In all cases, the tests are invalid because the runner's crashing:
crash log for gpu (pid <unknown>):
STDOUT: <empty>
STDERR: [48456:34819:0731/003512.746204:50198333299512:ERROR:devtools_http_handler.cc(786)] 
STDERR: DevTools listening on 127.0.0.1:50758
STDERR: 
STDERR: [48459:775:0731/003512.823315:50198410411268:ERROR:gl_initializer_mac.cc(90)] osmesa.so not found at /b/c/b/mac_layout/src/out/Release/osmesa.so
STDERR: [48459:775:0731/003512.834340:50198421428528:ERROR:gl_initializer_mac.cc(90)] osmesa.so not found at /b/c/b/mac_layout/src/out/Release/osmesa.so
STDERR: [48459:775:0731/003512.838383:50198425470971:ERROR:gpu_child_thread.cc(253)] Exiting GPU process due to errors during initialization
STDERR: [48456:33027:0731/003512.847939:50198435031013:ERROR:browser_gpu_channel_host_factory.cc(103)] Failed to launch GPU process.

This doesn't seem to happen all the time (some WPT import jobs pass all the bots).
 
Another set of failures: https://chromium-review.googlesource.com/c/594856/ (patchset 1)
Labels: -Type-Bug -Pri-3 Pri-2 Type-Bug-Regression
The logs for that set of failures look pretty similar (e.g. https://storage.googleapis.com/chromium-layout-test-archives/mac10_9_blink_rel/3315/layout-test-results/test-expectations.html). Interestingly, the crashing tests seem to be http tests, and some other tests failed in other ways but didn't crash.
Cc: vmp...@chromium.org
Labels: -Pri-2 Pri-1
Owner: qyears...@chromium.org
Status: Assigned (was: Available)
Multiple people have been affected by this, and besides blocking the wpt importer, this also blocks people from using webkit-patch rebaseline-cl to rebaseline tests. Will look at this tomorrow.
 Bug 751421  is probably relevant, although in the examples above, I didn't see the analyze step failure.
 Bug 751421  was likely caused by a commit that landed yesterday/today, whereas the problems reported here have been happening for at least a few days.
Good point; now that one is fixed.
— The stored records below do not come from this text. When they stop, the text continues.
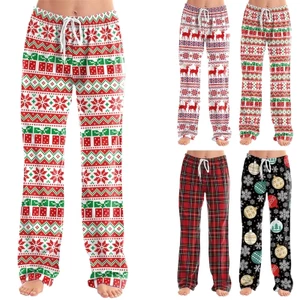 Quần Pyjama Giáng Sinh Nữ Lưới In Quần Đồ Ngủ Ống Rộng Có Dây Rút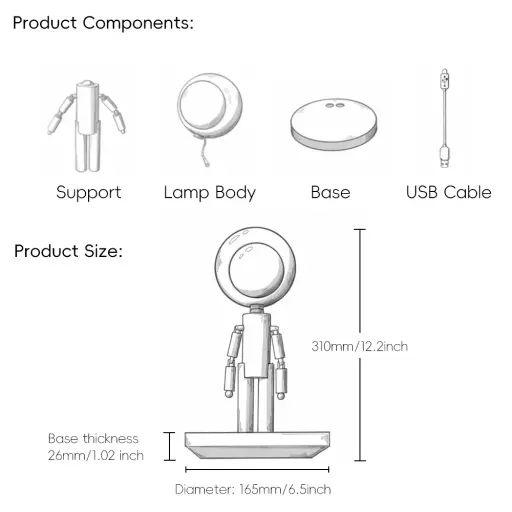 Lunar Robot Astronaut Wooden Table Lamp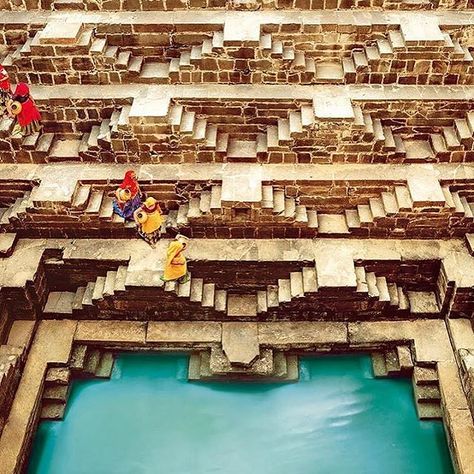 Colorful culture at the down stairs of Abhaneri step well. Picture Credit - Anonymous .. To get featured follow beautifuljaipur and use… Chand Baori, India Architecture, Relaxing Travel, Goa India, Pink City, Indian Architecture, Destination Voyage, Angkor Wat, Picture Credit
Next, we can find some more recent examples to confirm whether this is still happening and look through the logs more.
Latest case I saw when checking just now was: https://build.chromium.org/p/tryserver.blink/builders/mac10.12_blink_rel/builds/1157, from about 16 hours ago.
Status: WontFix (was: Assigned)
Haven't seen this again, probably was a transient issue.
Status: Available (was: WontFix)
It happened again today: https://chromium-review.googlesource.com/c/604878
Status: Assigned (was: Available)
Links to the set of failed jobs for that CL:

https://build.chromium.org/p/tryserver.blink/builders/mac10.9_blink_rel/builds/3464
https://build.chromium.org/p/tryserver.blink/builders/mac10.10_blink_rel/builds/3423
https://build.chromium.org/p/tryserver.blink/builders/mac10.11_blink_rel/builds/3546
https://build.chromium.org/p/tryserver.blink/builders/mac10.11_retina_blink_rel/builds/3476
https://build.chromium.org/p/tryserver.blink/builders/mac10.12_blink_rel/builds/1272

Quick notes about the crash message:

 - The error message suggests that osmesa.so is not found in the build directory
 - I haven't found anything about osmesa in the compile step about this yet though (although perhaps it should be there?)
 - osmesa stands for "Off-screen Mesa"
 - osmesa seems to be listed as a dependency of the target webkit_layout_tests, which is a dependency of blink_tests in https://cs.chromium.org/chromium/src/BUILD.gn?l=891
 - The code where the message is printed is https://cs.chromium.org/chromium/src/ui/gl/init/gl_initializer_mac.cc?l=71
This sort of reminds me of  bug 739282  since I've only seen this happen once a day, though the symptoms are quite different from that one.
Summary: mac*_blink_rel bots are missing osmesa on first run after midnight PST (was: mac*_blink_rel bots sometimes crash when running layout tests)
Actually, that's a great point, since the timing of the failed jobs appears to be just after midnight California time.

e.g.:
https://build.chromium.org/p/tryserver.blink/builders/mac10.10_blink_rel/builds/3380
Tue Aug 8 00:11:46 2017

https://build.chromium.org/p/tryserver.blink/builders/mac10.10_blink_rel/builds/3423
Fri Aug 11 00:11:46 2017

Other notes:
 - On the waterfall, WebKit Mac Builder compiles and includes osmesa.so in the build package (listed in the "package build" step).
 - Then the testers on the waterfall unpack that in the "extract build" step, so osmesa.so is present.
 - The try bots are different since they "compile (with patch)" for each job.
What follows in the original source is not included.